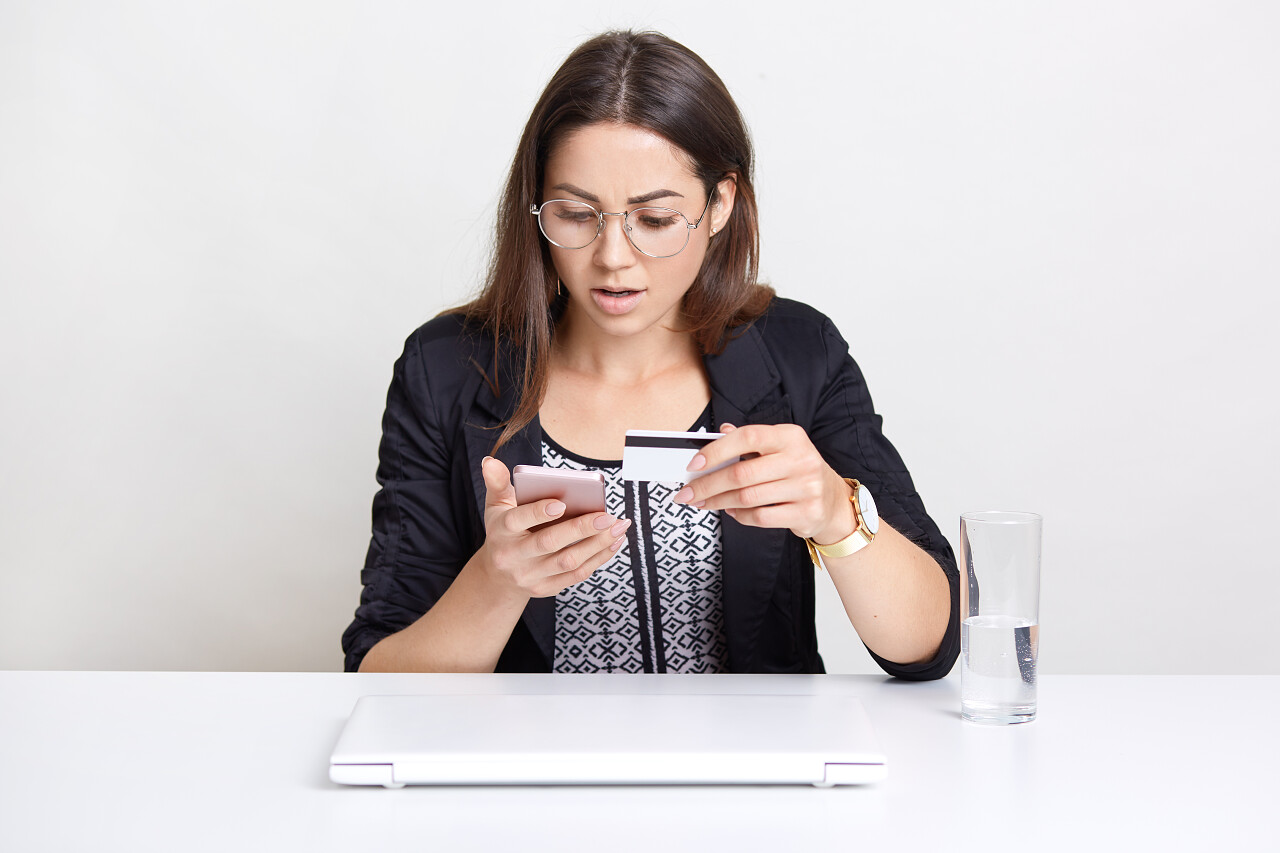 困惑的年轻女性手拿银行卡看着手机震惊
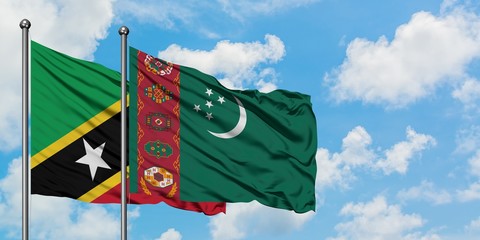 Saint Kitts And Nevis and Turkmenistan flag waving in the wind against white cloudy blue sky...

* * *

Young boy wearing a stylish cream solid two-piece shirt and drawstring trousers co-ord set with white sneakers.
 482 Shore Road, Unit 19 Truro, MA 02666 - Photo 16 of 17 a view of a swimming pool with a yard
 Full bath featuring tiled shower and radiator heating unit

...

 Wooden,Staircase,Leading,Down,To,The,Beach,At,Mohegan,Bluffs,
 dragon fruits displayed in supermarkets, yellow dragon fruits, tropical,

TASK DIRECTIONS:
Scan the material for "with" and copy the lines that hold it.

SOLUTION TO THIS TASK:
Young boy wearing a stylish cream solid two-piece shirt and drawstring trousers co-ord set with white sneakers.
 482 Shore Road, Unit 19 Truro, MA 02666 - Photo 16 of 17 a view of a swimming pool with a yard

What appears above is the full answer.